# [Task directions]
Using the data below, output a verbatim copy of the lines between the one holding "And then first" and the one holding "Hi, I'm Dr.", inclusive, without any pictures.

·····

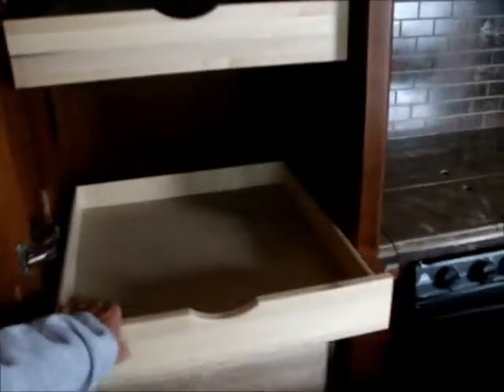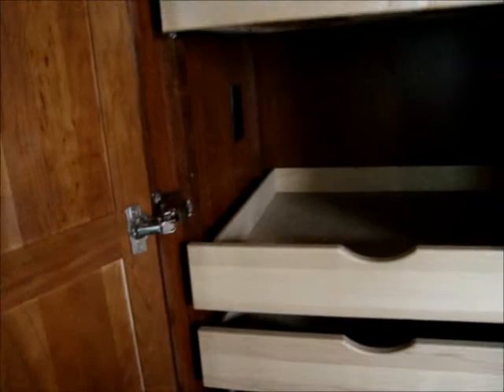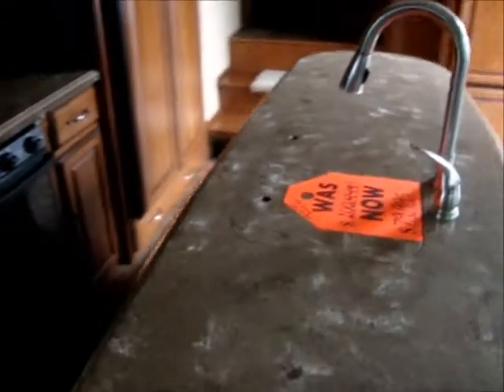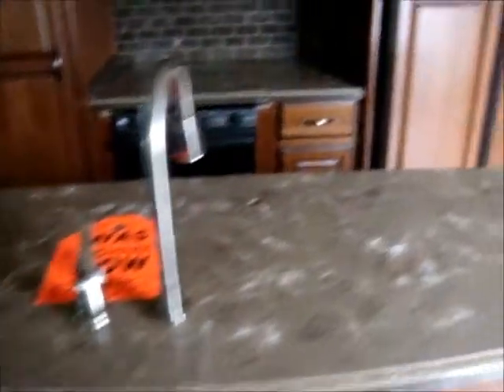The kitchen has plenty of counter space with the big island. Nice deep pantry with the full roller guide pull-out drawers. This one has an outlet in there also. They even have a 13 gallon trash can built in. Beautiful. This island is plumbed and wired for a Fisher Paykel dishwasher also.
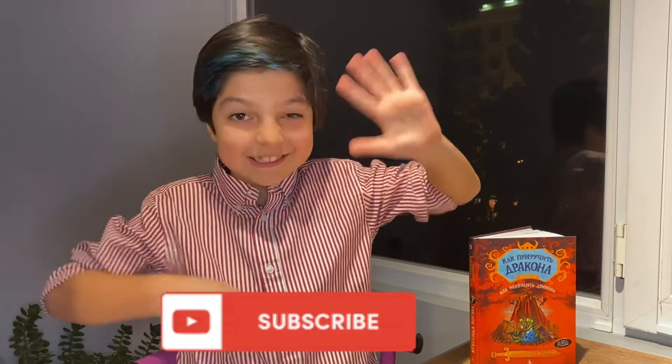That's all for today. If you watched till the end, like this video and don't forget to subscribe to my channel. See ya!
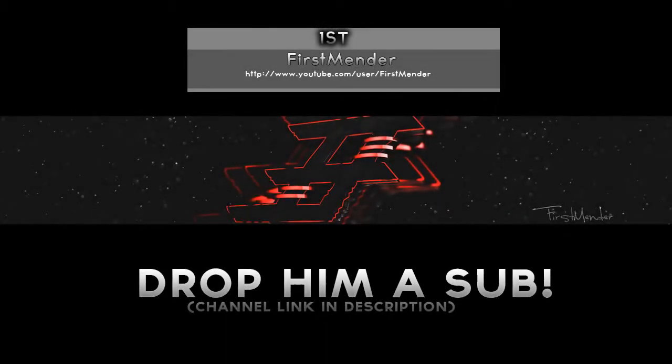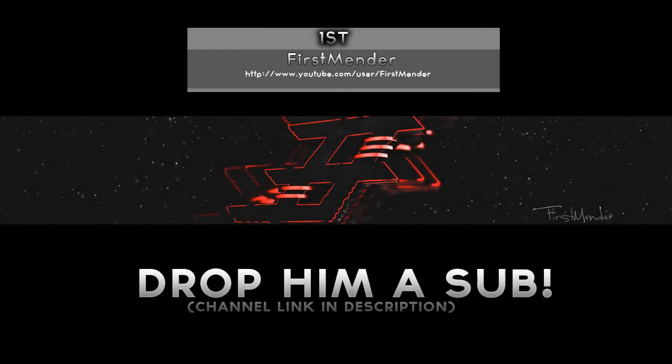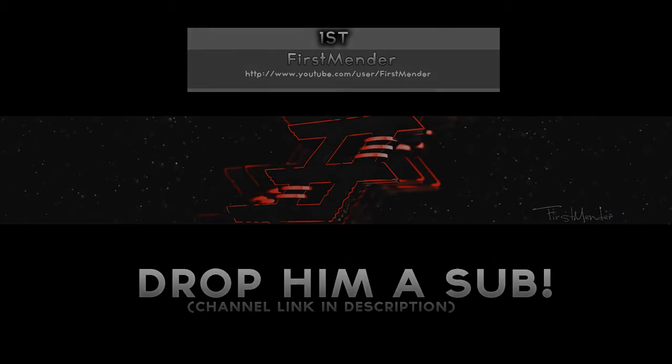And then first place, we have First Mender — kinda ironic. He did a really nice background. I just like how clean it is. It's really simple — nothing too complicated that throws things all around your brain, but you get the idea when you see it. I liked it, really clean. Drop him a sub for sure. All the links to these guys will be in the description; they all earned it and I think you guys should sub them.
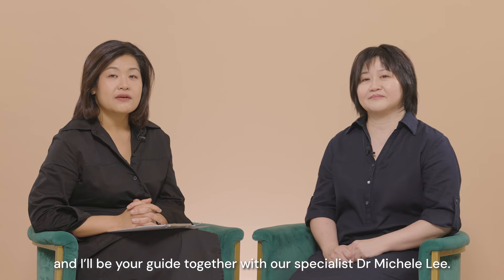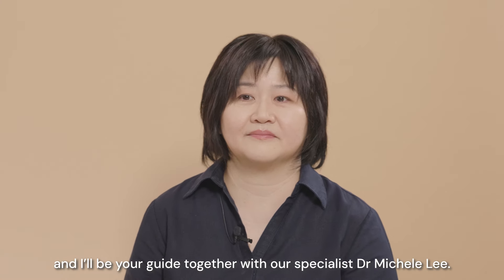Hi, I'm Dr. Jessie Poon, Medical Director at Mount Elizabeth Fertility Centre, and I'll be your guide together with our specialist Dr. Michelle Lee.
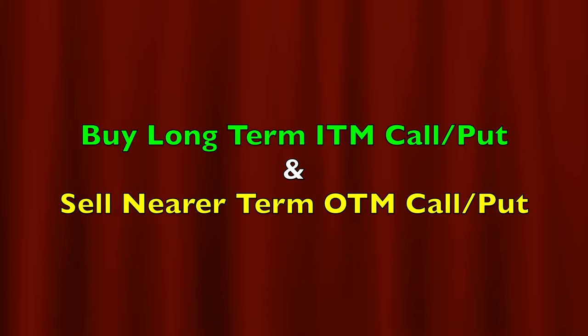My third favorite option strategy is to use LEAP options and turn them into poor man's covered calls. A poor man's covered call position is one in which you own a longer-term option that's in the money and you sell a nearer-term, shorter-term out-of-the-money option.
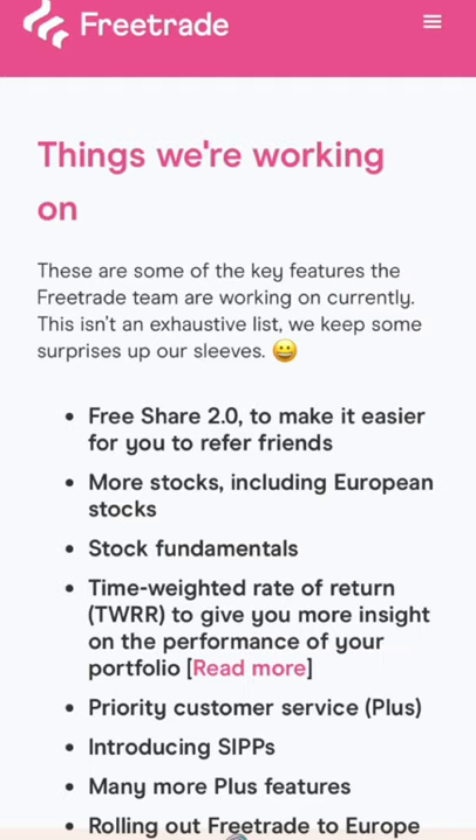Stock fundamentals is a key one. At the moment Freetrade is really limited with the amount of information available on stocks — it only has a short paragraph. I'm assuming stock fundamentals would include market cap, P/E ratio, balance sheets, dividend information such as yield and ex-dividend dates, which is always useful to know. Obviously you can check that on third-party websites, but more general company information on the app would be a good start. There's also the time weighted return, which will show portfolio performance over a longer period of time.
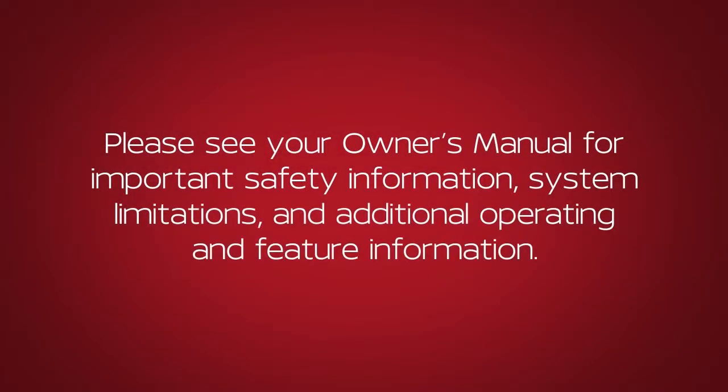Please see your Owner's Manual for important safety information, system limitations, and additional operating and feature information.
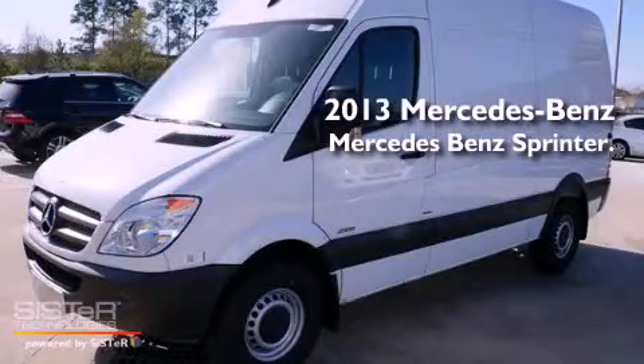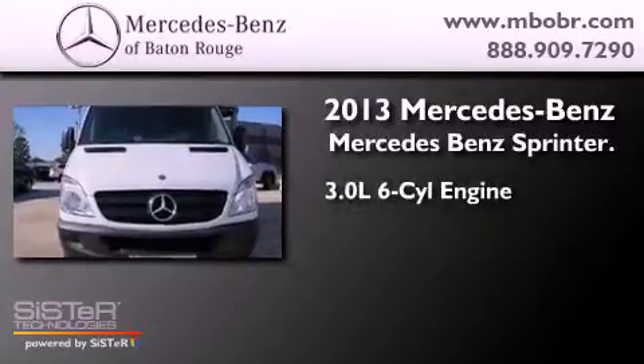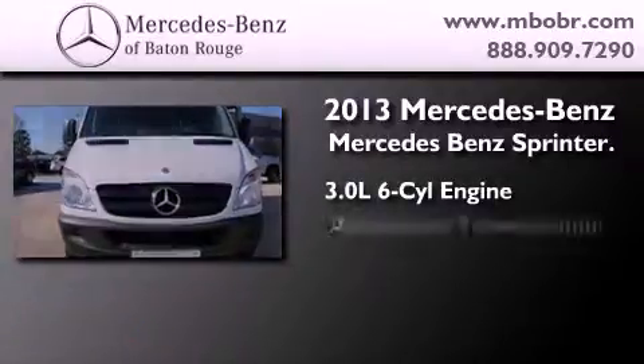This is a brand new 2013 Mercedes-Benz Sprinter. It features a 3.0-liter, six-cylinder engine and an automatic transmission.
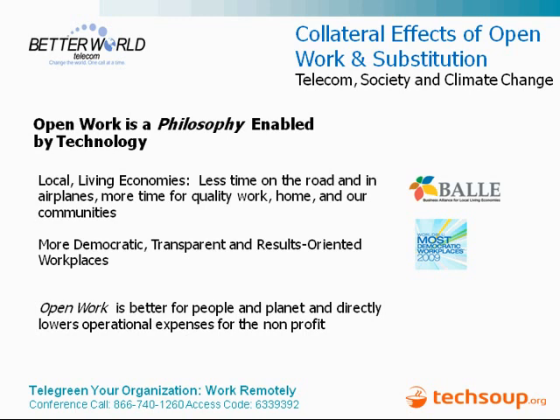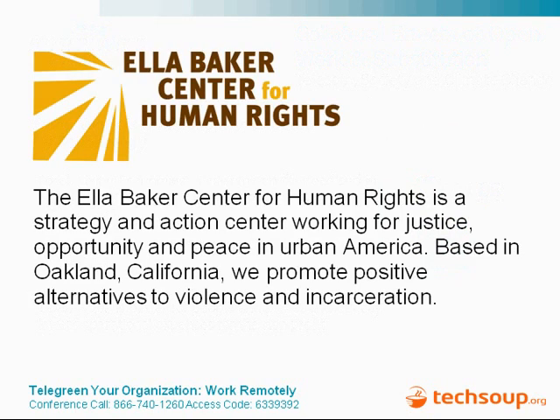Now I'd like to move on and introduce Hayes from the Ella Baker Center. My name is Hayes Morehouse. I'm the Technology Director at the Ella Baker Center, a strategy and action center working for justice, opportunity, and peace in urban America. We're in Oakland and we're an organization of about 25 people. I'm going to talk about our experience in the last year of switching to a new phone system.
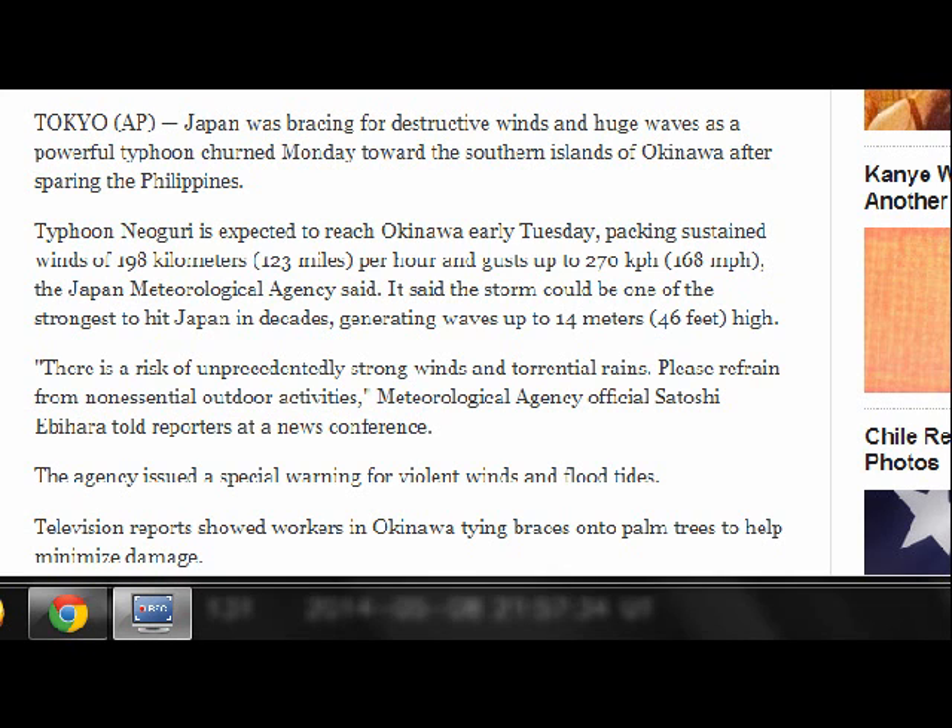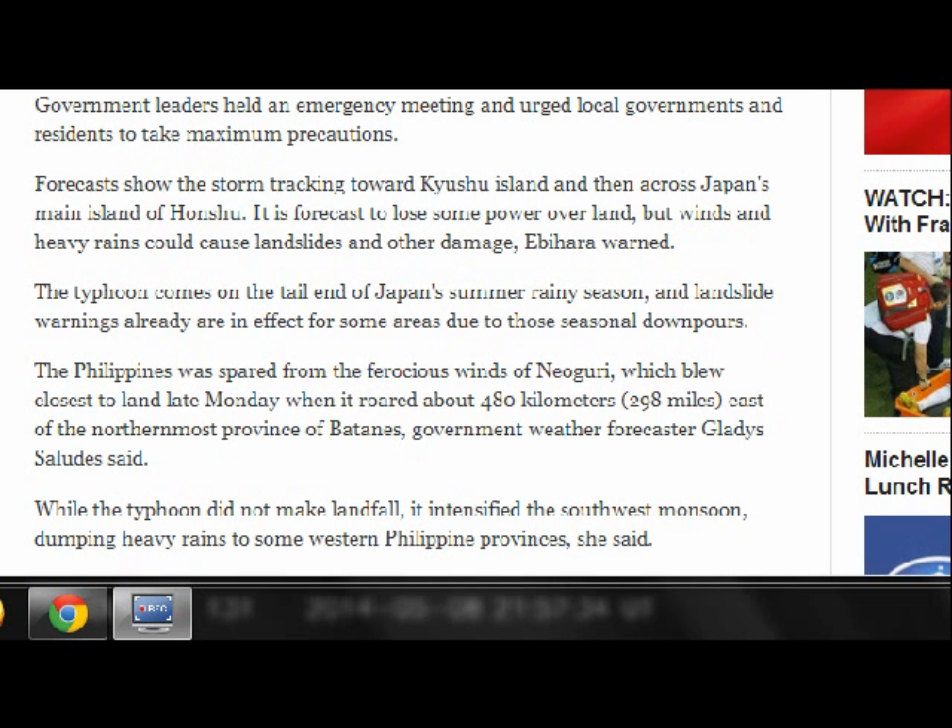There is a risk of unprecedentedly strong winds and torrential rains. Please refrain from non-essential outdoor activities, Meteorological Agency official Satoshi Ibahara told reporters at a news conference. The agency issued a special warning for violent winds and floods. Government leaders held an emergency meeting and urged local governments and residents to take maximum precautions.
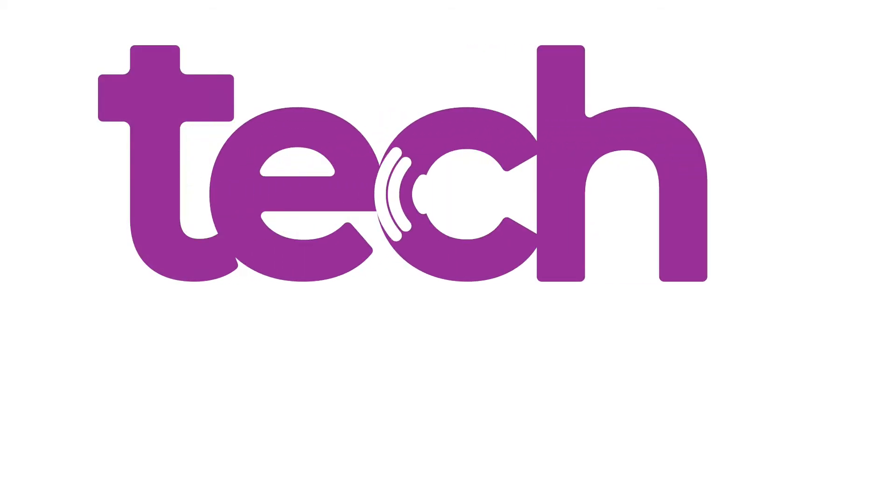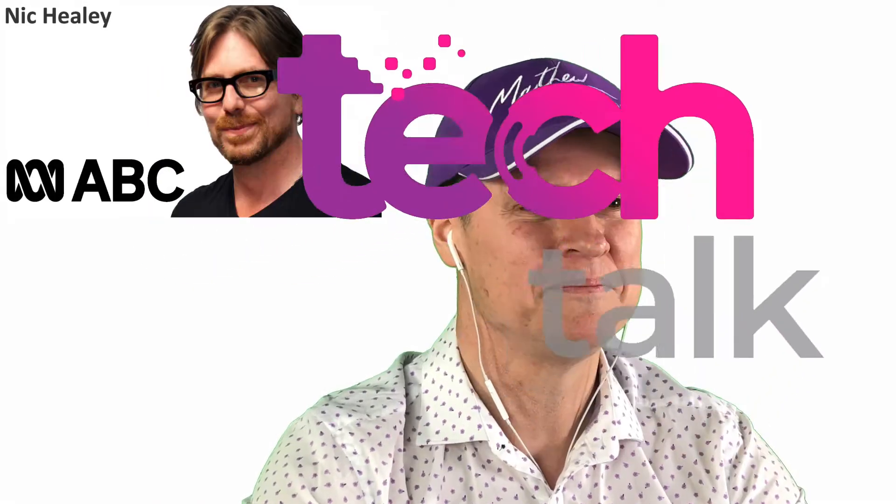It is time to talk technology. Matthew Dickerson, good morning. Hey, good morning, Nick. Great to chat to you again. Great to chat to you.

·····

# [Solution for this exercise]
And then first place, we have First Mender — kinda ironic. He did a really nice background. I just like how clean it is. It's really simple — nothing too complicated that throws things all around your brain, but you get the idea when you see it. I liked it, really clean. Drop him a sub for sure. All the links to these guys will be in the description; they all earned it and I think you guys should sub them.
Hi, I'm Dr. Jessie Poon, Medical Director at Mount Elizabeth Fertility Centre, and I'll be your guide together with our specialist Dr. Michelle Lee.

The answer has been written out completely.